What is the best way to motivate reluctant readers and encourage all readers to spend time reading? Give them a choice in their reading material. As Allington and Gabriel’s (2012) findings assert, students need practice and choice in order to develop greater skill proficiency. Jeffery Wilhelm, Michael Smith, and Sharon Fransen (2014) arrived at similar conclusions about the importance of choice and practice. Giving students a choice in reading material often makes teachers unnecessarily nervous. As with choosing texts for guided reading, the practice of selecting text options for independent reading requires intentionality. Student choice does not mean a “free-for-all”. In fact, experienced teachers often refer to this practice as a “democratic dictatorship.” Teachers offer students choices but let them select from options that the teacher has vetted. In short, in order to improve student fluency, effective teachers give them a choice of texts that are at or very slightly above their comfort level. In this way, students grow their independence by becoming partners in a differentiated learning environment. There are tested classroom models like the Literacy & Learning Center Instructional Model (McKnight, 2020) that allows teachers to save time and effort by incorporating student choice while simultaneously covering content and skill development. The practice of student choice and differentiated reading also requires some thought, commitment, and preparation on the part of school leaders. This allows teachers to offer students choice. Districts then must ensure that schools have a wide range of texts in classrooms and libraries for student use.

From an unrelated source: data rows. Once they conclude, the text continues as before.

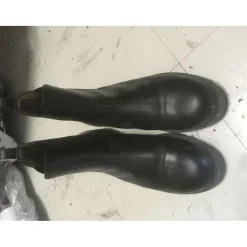 boots sécurité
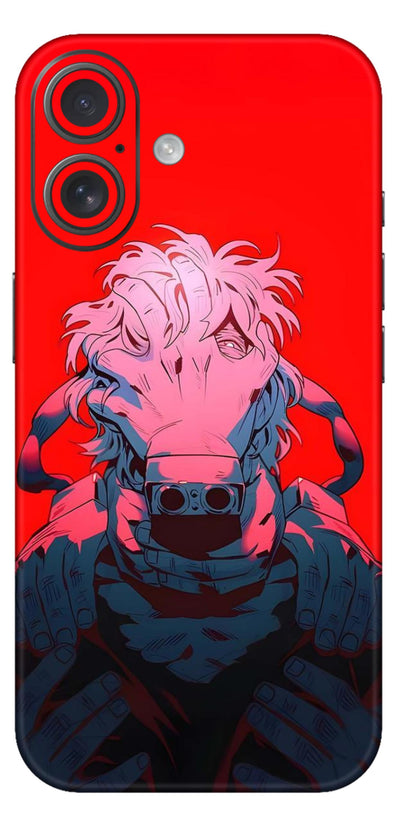 Tomura Shigaraki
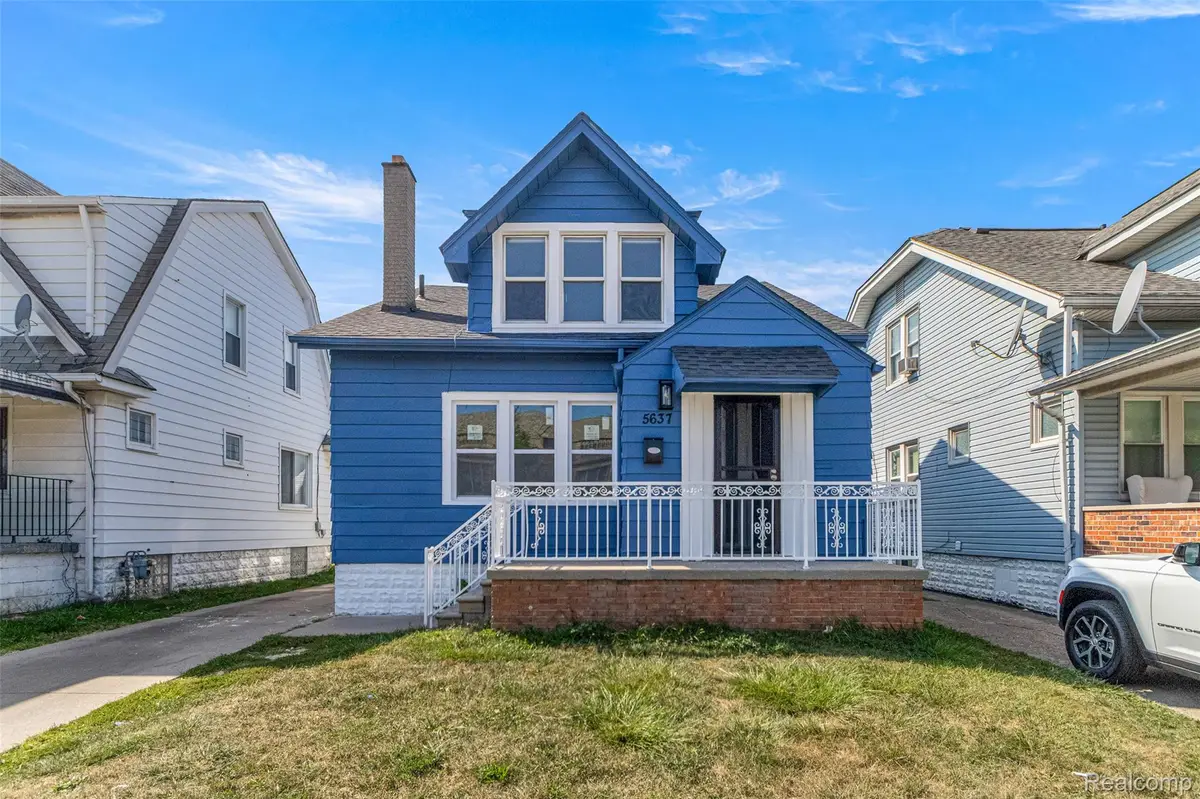 5637 Horger Street, Dearborn, MI 48126 - Image #1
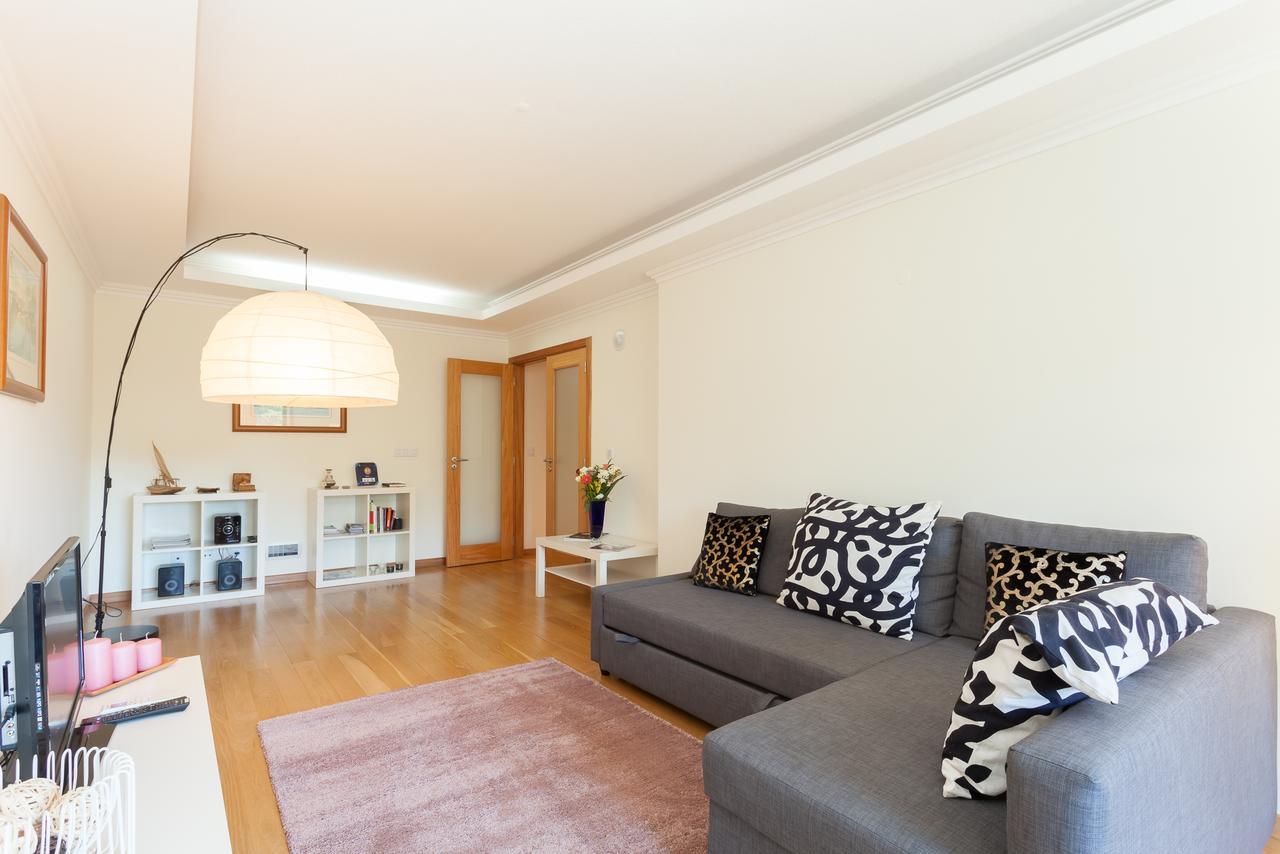 Beguest Cascais Dreams Apartment Bagian luar foto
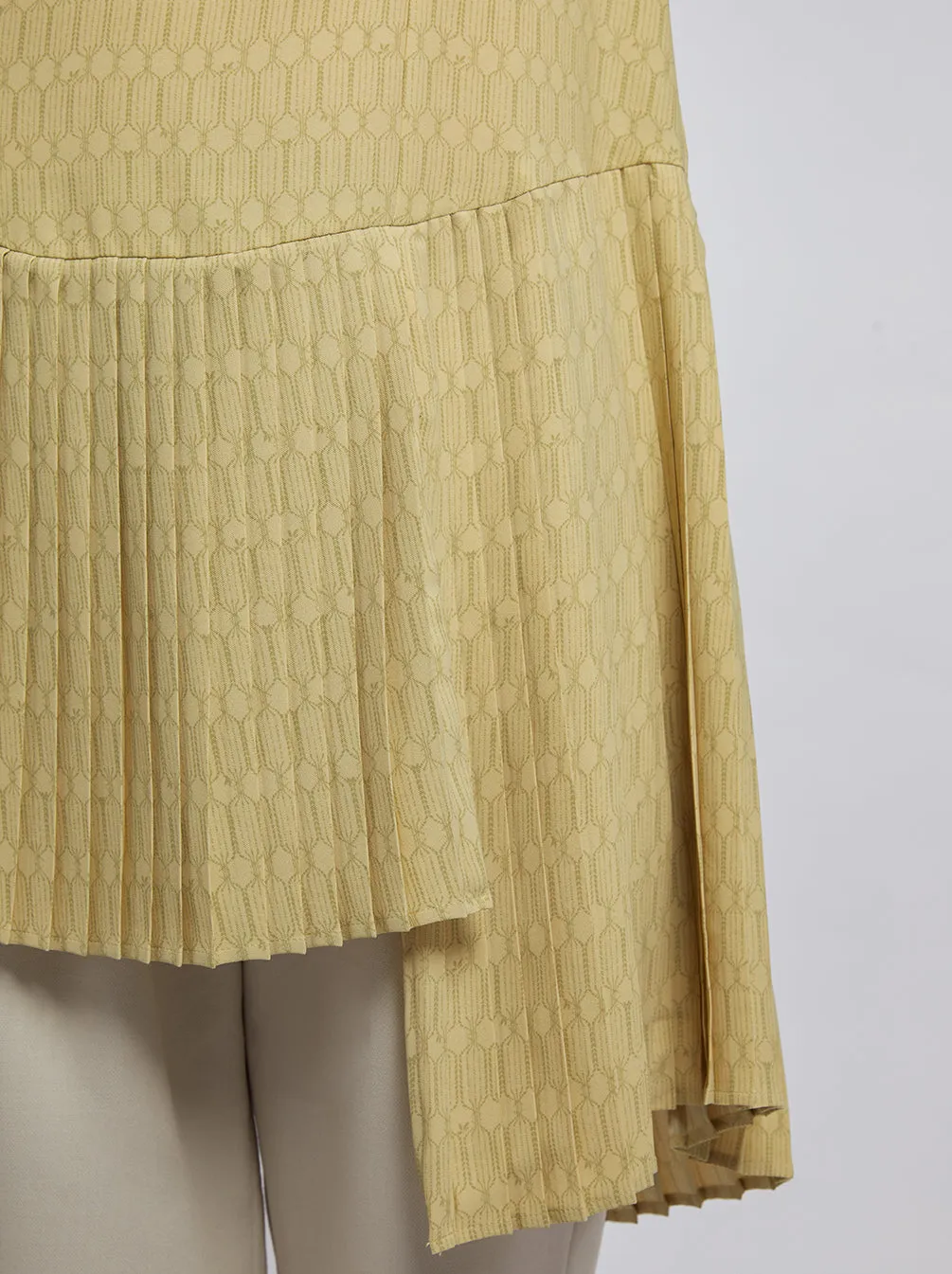 KENZI TOP LIME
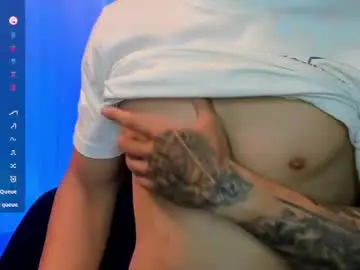 Chaturbate Live Sex of tony_petrov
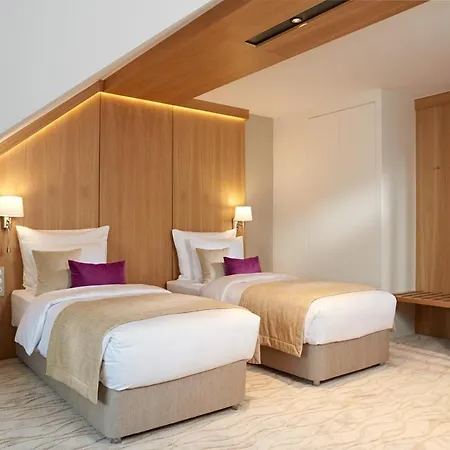 Normafa Hotel Budapest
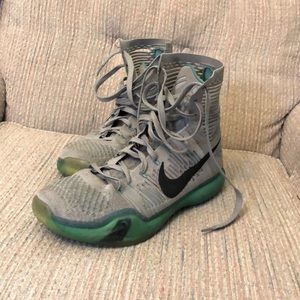 Kobe 10 Elite High “Elevate”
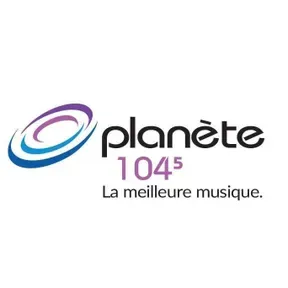 CFGT Planète 104.5 FM -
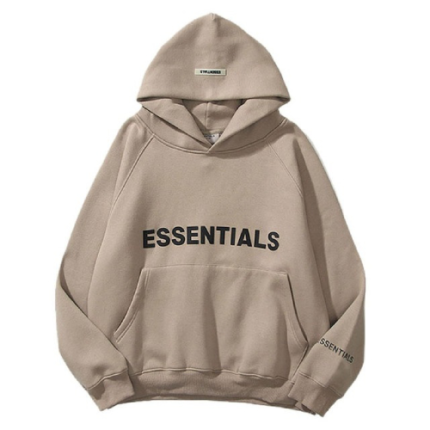 fear of god Essential Hoodie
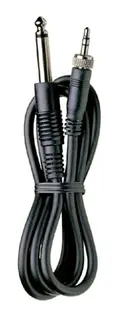 Sennheiser Instrument cable for pocket transmitter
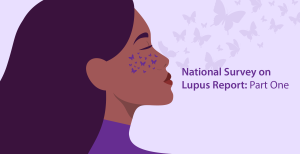 National Survey on Lupus Report: Part One
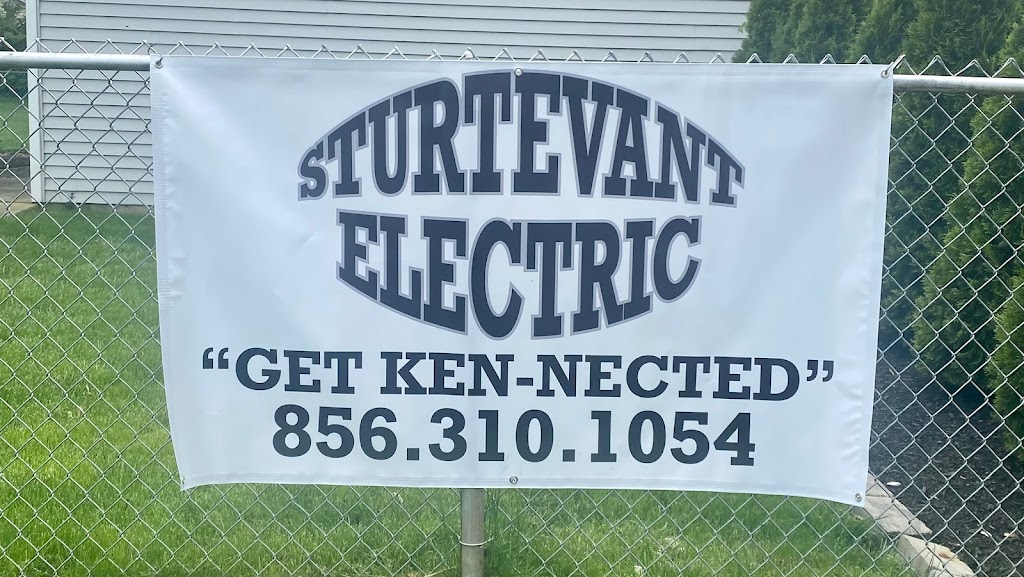 Ken Sturtevant Electric | 232 S Lecato Ave, Audubon, NJ 08106, USA | Phone: (856) 310-1054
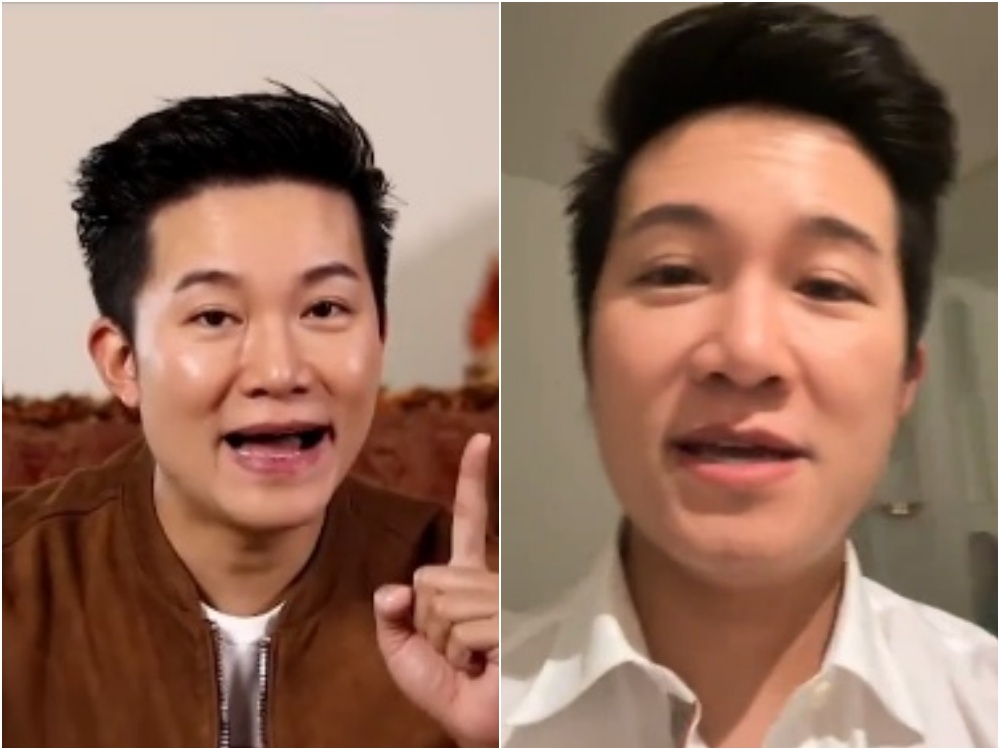 มึนหนักมาก! "อั๋น ภูวนาท" โพสต์บ่นค่าเทอมลูกเกือบล้าน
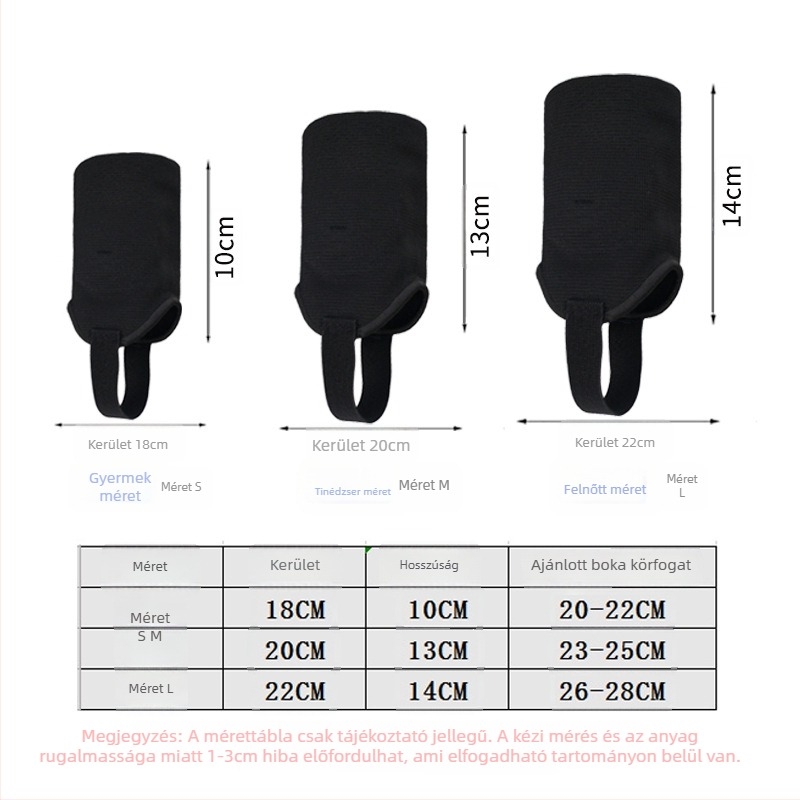 Sípcsontvédő készlet pántokkal, PU anyag, Termékszám HTB02+HTB34, Elephant Series, Foci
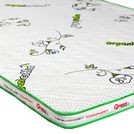 Топпер Lonax Organic Ultra Multizone 120х190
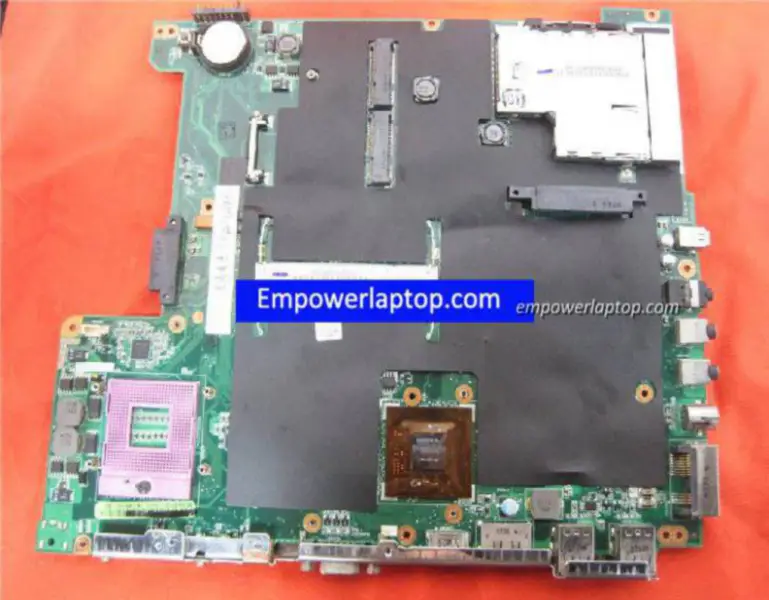 Základní deska Asus G1SN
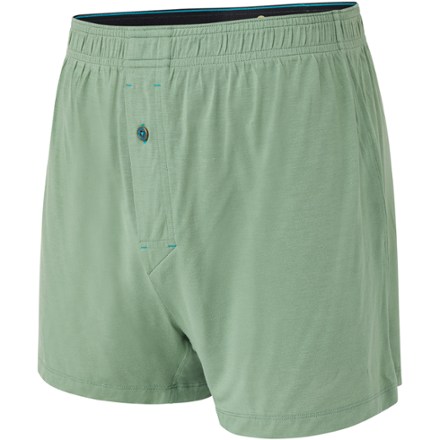 Patagonia Essential Boxer Briefs - Men's - 3
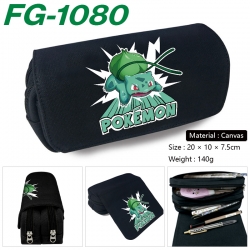 Pokemon Anime Multi-Function D...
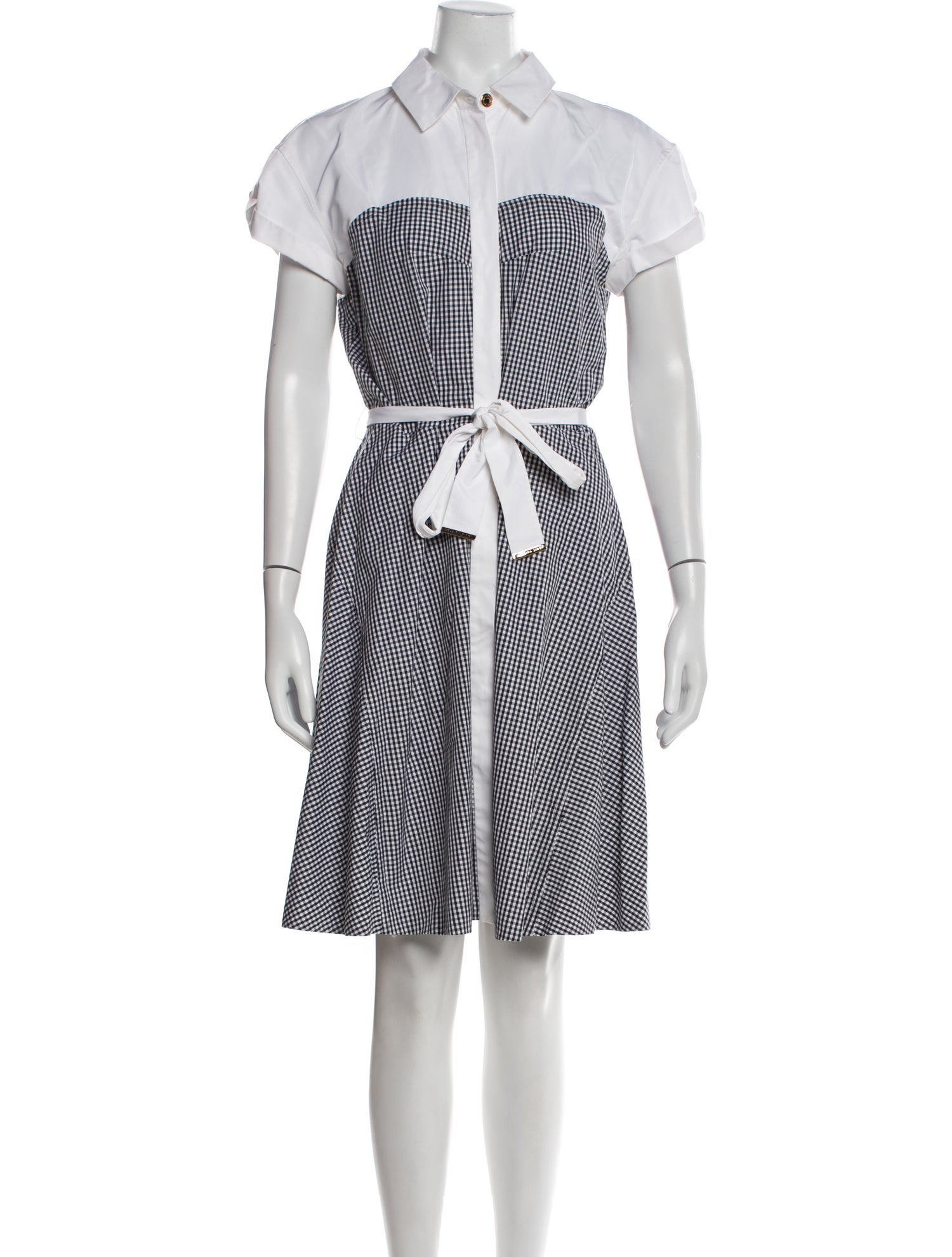 Louis Vuitton 2014 Knee-Length Dress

For teachers to be able to offer their students choices for reading, districts must ensure that schools have access to a range of texts on various topics. This doesn’t require a huge investment in expensive textbooks. Reading options can be found online, in periodicals, in paperback “trade” publications, and in the books and texts that are already in each school’s classrooms and libraries.
Making Peace with the Reading Wars
As highly as we value the research and insight offered by conflicting studies, it’s important to remember that there is nothing simple about the act of reading. Therefore, there is no reason to believe that there should be one simple way to teach students how to excel at it. As educators, we have an obligation to be research informed and adjust instructional practices accordingly. Our students’ learning is paramount and sometimes, that may necessitate that we incorporate practices from both sides of the reading wars. Specifically, increasing rigor and exposing student readers to complex, challenging, and grade-level texts, and teaching the strategies that they’ll need in order to eventually read these texts independently. It also means encouraging every student to increase their fluency by reading lots of “just right” text. Figuring out effective ways to combine the two approaches is a better use of our time than continuing to engage in and polarizing reading wars.